The Zone of Interest Manifests the Banality of Evil

“The life we enjoy is very much worth the sacrifice.” – Rudolf Höss

Hannah Arendt famously coined the term “The banality of evil” when ruminating on the trial of Adolf Eichmann. Eichmann, who had famously been one of the major participants of the Final Solution, fled Germany and lived in Argentina before Israeli Nazi hunters tracked him down and brought him to trial for war crimes, and crimes against humanity in the 1960s. Eichmann did not deny his role in the Holocaust. He simply stated that he was following orders and therefore was not personally responsible for the deaths of millions of people.

Jonathan Glazer in freely adapting Martin Amis’ novel makes the decision to have that same banality of evil seep in from every corner of the frame. The titles of the film are black and white with whisps of smoke and Mica Levy’s string laden score. They are oppressive, so much so that it is almost a relief when the film shifts into a colourful bucolic picnic scene with a seemingly ordinary family by a lake. Yet, they are not an ordinary family. They are the Höss family, headed by Rudolf (Christian Friedel) and Hedwig (Sandra Hüller) and their multiple children and staff.

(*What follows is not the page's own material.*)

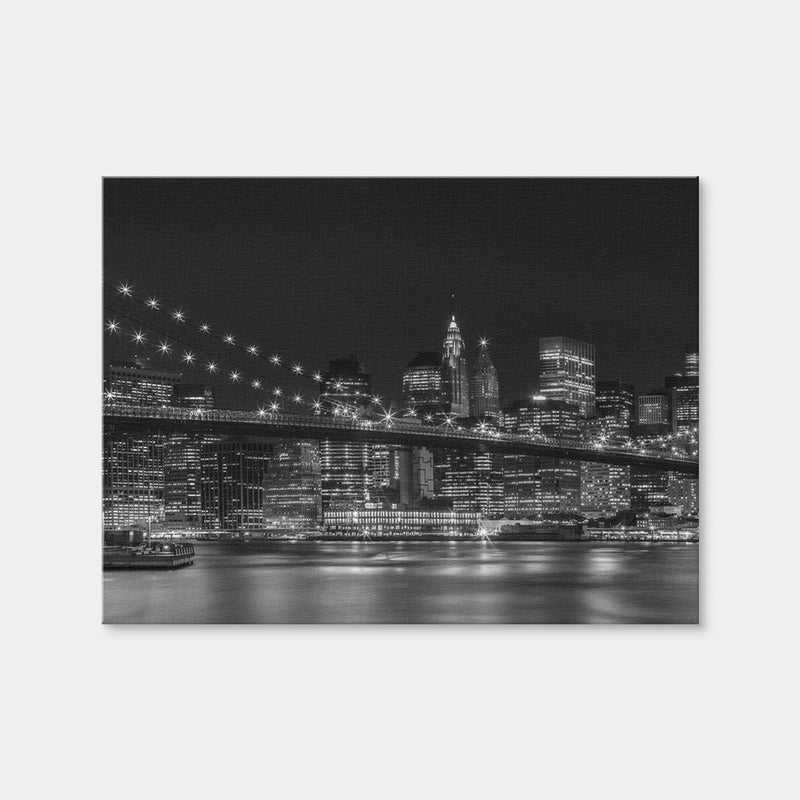 AUTO-MOCKUP WHITE | NYC Nightly Impressions - Panoramic | 1 Piece | Gallery Wrap Canvas | group=4x3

Despite initially appearing normal there is something in Rudolf’s stance as he surveys the lake that is troubling. It is reminiscent of the kitsch propaganda employed by the Nazis. He and his family are the image of the Aryan race – something Rudolf later reiterates in his arguments as to why they should retain their home. They are the model German family.

The audience never sets foot inside Auschwitz-Birkenau while it is an active camp, but they don’t have to. The Höss family home is right next door to it. Glazer reveals the depth of what we are not witnessing but are completely aware of with a dispassionate gaze and mostly formalistic technique. When he breaks the formalism, it is for a reason. We hear the camp consistently – the screams, the shots, the sounds of dogs barking, and soldiers shouting, and the industrial hum of the crematoriums. We see the dead through their presence not as bodies but as fur coats, lipstick, and perfume which Hedwig tries on in front of her mirror. Or the gold teeth one of the Höss sons plays with. The expansive garden of which Hedwig is so proud is fertilised by the ashes of the dead brought in by prisoners.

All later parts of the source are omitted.